Among the entries below, the lines from the one with "Today we are" up to and including the one with "Only apply pressure" are to be restated exactly, without pictures.

=== GIVEN ENTRIES ===

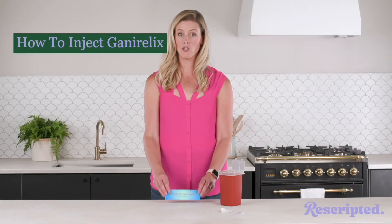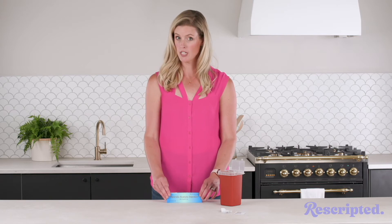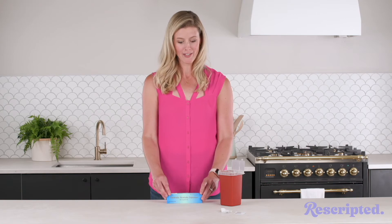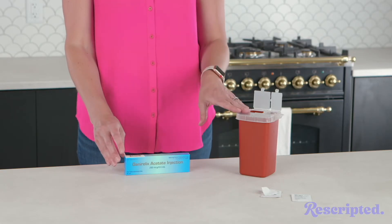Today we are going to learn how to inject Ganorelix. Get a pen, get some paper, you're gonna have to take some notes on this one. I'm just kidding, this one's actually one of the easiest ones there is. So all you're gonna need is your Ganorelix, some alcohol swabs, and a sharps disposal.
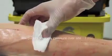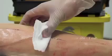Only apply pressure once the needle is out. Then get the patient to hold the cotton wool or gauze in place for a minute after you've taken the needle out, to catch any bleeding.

===
=== GIVEN ENTRIES ===

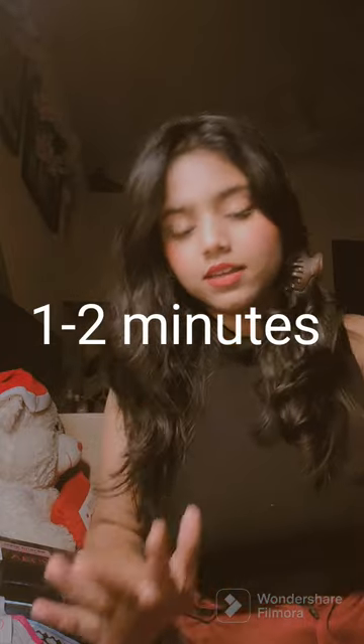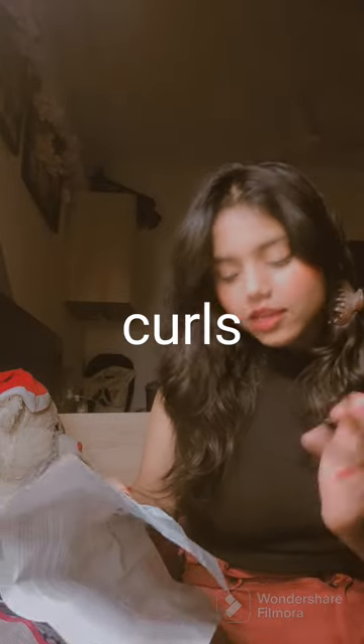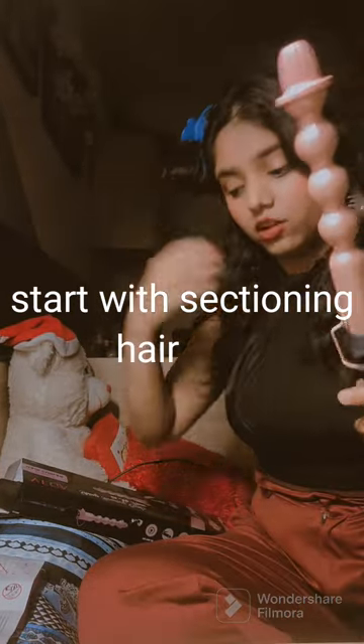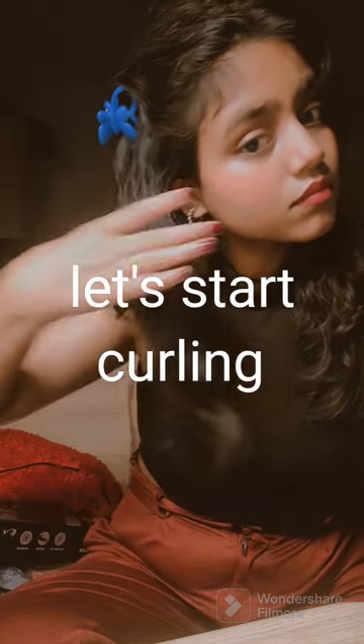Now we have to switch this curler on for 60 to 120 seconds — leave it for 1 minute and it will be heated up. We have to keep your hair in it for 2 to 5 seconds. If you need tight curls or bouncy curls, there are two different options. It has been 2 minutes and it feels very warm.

===

TASK ANSWER:
Today we are going to learn how to inject Ganorelix. Get a pen, get some paper, you're gonna have to take some notes on this one. I'm just kidding, this one's actually one of the easiest ones there is. So all you're gonna need is your Ganorelix, some alcohol swabs, and a sharps disposal.
Only apply pressure once the needle is out. Then get the patient to hold the cotton wool or gauze in place for a minute after you've taken the needle out, to catch any bleeding.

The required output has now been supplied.